What is being asked:
The data below should be transcribed in full, with no picture included.

Collected data:
______________________________

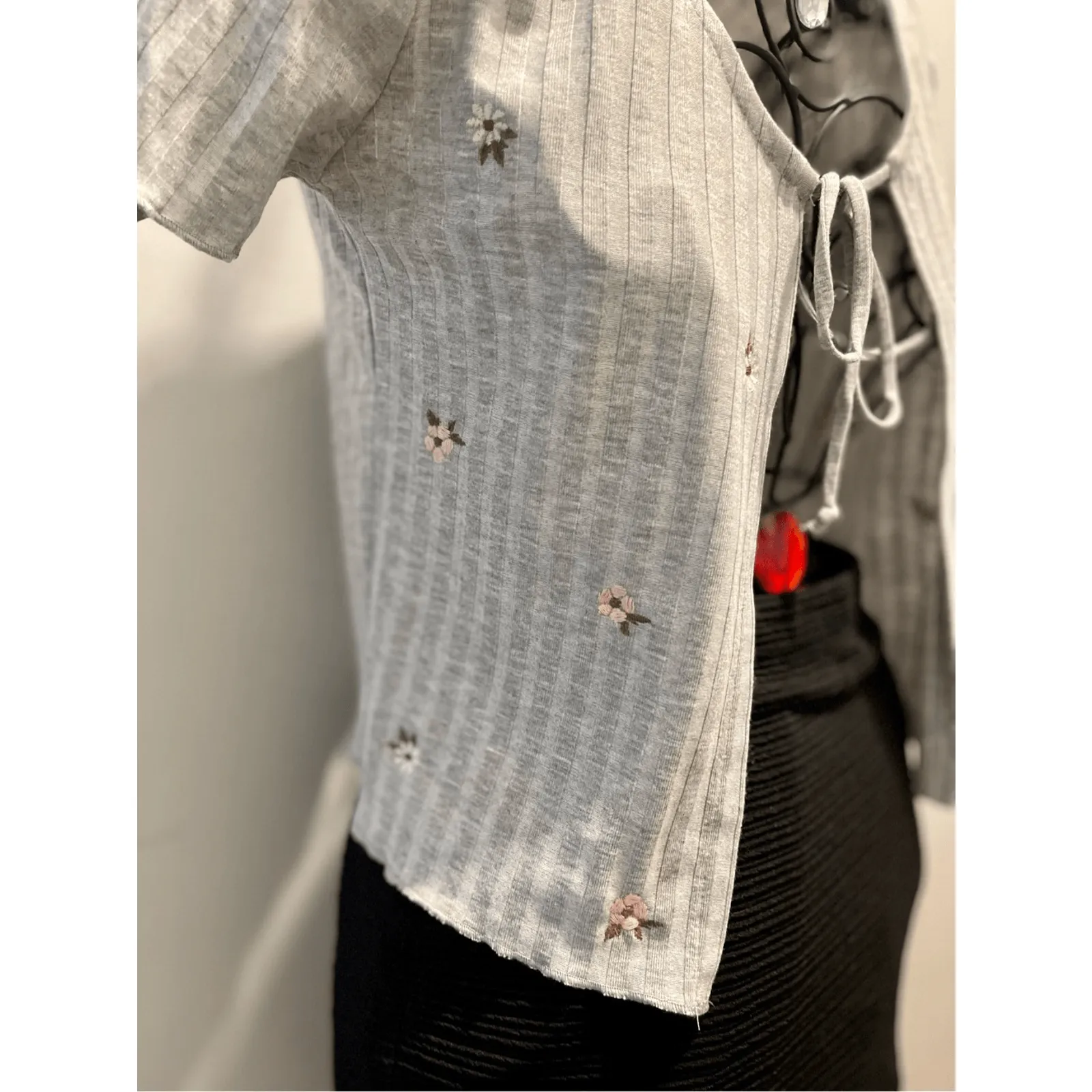 New With Tags Front Tie Gray Embroidered open Tee - Image 6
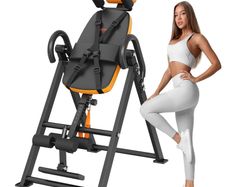 Inversion Table, 300lbs Capacity Heavy Duty Inversion Table, Decompression Back Stretcher Machine, Strength Training Equipment with Headrest, Ankle Lock, Adjustable Protective Belt, Orange/Black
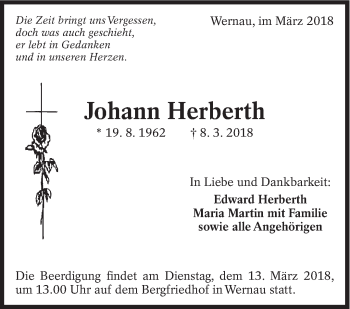 Traueranzeige von Johann Herberth von Eßlinger Zeitung/Cannstatter Zeitung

______________________________

Exercise response:
 New With Tags Front Tie Gray Embroidered open Tee - Image 6
 Inversion Table, 300lbs Capacity Heavy Duty Inversion Table, Decompression Back Stretcher Machine, Strength Training Equipment with Headrest, Ankle Lock, Adjustable Protective Belt, Orange/Black
 Traueranzeige von Johann Herberth von Eßlinger Zeitung/Cannstatter Zeitung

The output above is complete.